Just about everyone has heard of the San Andreas Fault running through California. Scientists have been studying the fault line for years, trying to predict the next major earthquake.
In 1970, another major fault line running for 700 miles, just 40 to 80 miles off the coast of the Pacific Northwest in the U.S. and Canada was discovered with the potential to cause an earthquake much more powerful than the San Andreas could, along with a tsunami that could travel as far as Japan and Southeast Asia.
The Cascadia Subduction Zone covers the area between Northern Vancouver Island and Cape Mendocino in California.
It is part of the Ring of Fire, a seismic belt that runs in a horseshoe-shape from the south of Australia up through the Philippines to the easternmost part of Russia, then directly east to Alaska’s Aleutian Islands, and down the west coast of Canada, the United States, Mexico, Central America, South America and west back toward Australia.
According to Encyclopaedia Britannica, most of the world’s strongest earthquakes and about seventy-five percent of the volcanoes on Earth are located in the Ring of Fire.
The Cascadia Subduction Zone is where the Pacific tectonic plate meets the Juan de Fuca tectonic plate which is moving westward and being pushed under the Pacific plate, and can eventually cause an earthquake which in turn can cause a tsunami. The larger the earthquake, the larger the tsunami.
In January 1700, that scenario actually took place when an earthquake believed to have reached from 8.7 to 9.2 on the Richter scale ripped through the entire Cascadia Zone. The resulting tsunami created ten-foot waves in Japan that, according to ScienceDaily lasted eighteen hours.
Written and oral history refer to a major earthquake on the west coast of the US and a tsunami in Japan, but no one knows exactly when the event occurred. During the 1980s and 1990s, scientists tested the “ghost forests” along the coast of Washington and Oregon.
These are stumps of western red cedar trees and other plant life that were destroyed all at one time as told by carbon dating and dendrochronology, the study of tree rings. All evidence shows the plant life stopped growing about the end of 1699. Soil samples from the ocean floor also attest to a major ecological event at this time.

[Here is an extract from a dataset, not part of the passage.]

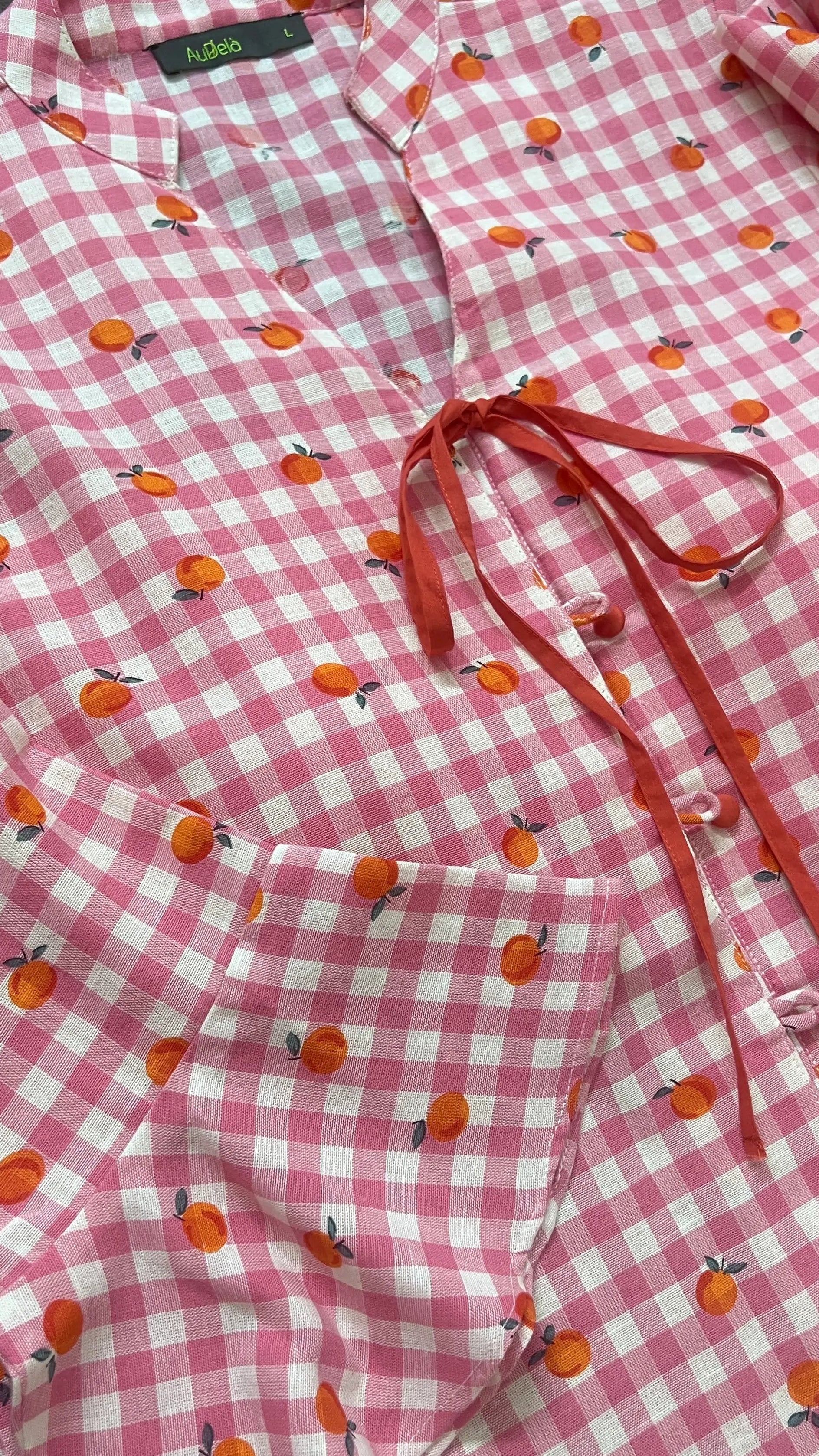 Pink checkered shirt with orange fruit pattern on a wooden surface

Scientists like Chris Goldfinger, a paleoseismologist at Oregon State University, and his colleagues predict that the chance of a major earthquake along the Cascadia Zone within the next fifty years is one in three.
According to an article in The New Yorker written by Pulitzer Prize winning author Kathryn Schulz in 2015, Goldfinger predicts that the next earthquake will begin with compressional waves, fast-moving, high-frequency waves that are audible only to dogs and some other animals.
If such a scenario were to take place, the intensity of the quake would cause open chasms in the ground and walls of ocean water to flood in from the sea. Coastal towns and cities from southern Canada to southern California would be in danger. Many theories already exist that the next “Big One” could actually cut off California from the rest of the country. According to USA Today California is overdue for the next big earthquake. “There is a 99.9% chance that there will be a damaging quake (magnitude greater than or equal to 6.7) somewhere in California in the next 30 years,” said Peggy Hellweg, a seismologist at the University of California, Berkeley.
The Ring of Fire covers some of the most populated places on Earth. The Pacific coast of the Americas are frequently rocked by earthquakes, open fissures in the heavily populated Hawaiian Islands are belching out lava, hurricanes plague the Gulf of Mexico, thousands live near Mt. St. Helens and over two million people live in the shadow of Mt. Vesuvius. Humans seem to have a habit of being attracted to dangerous locations.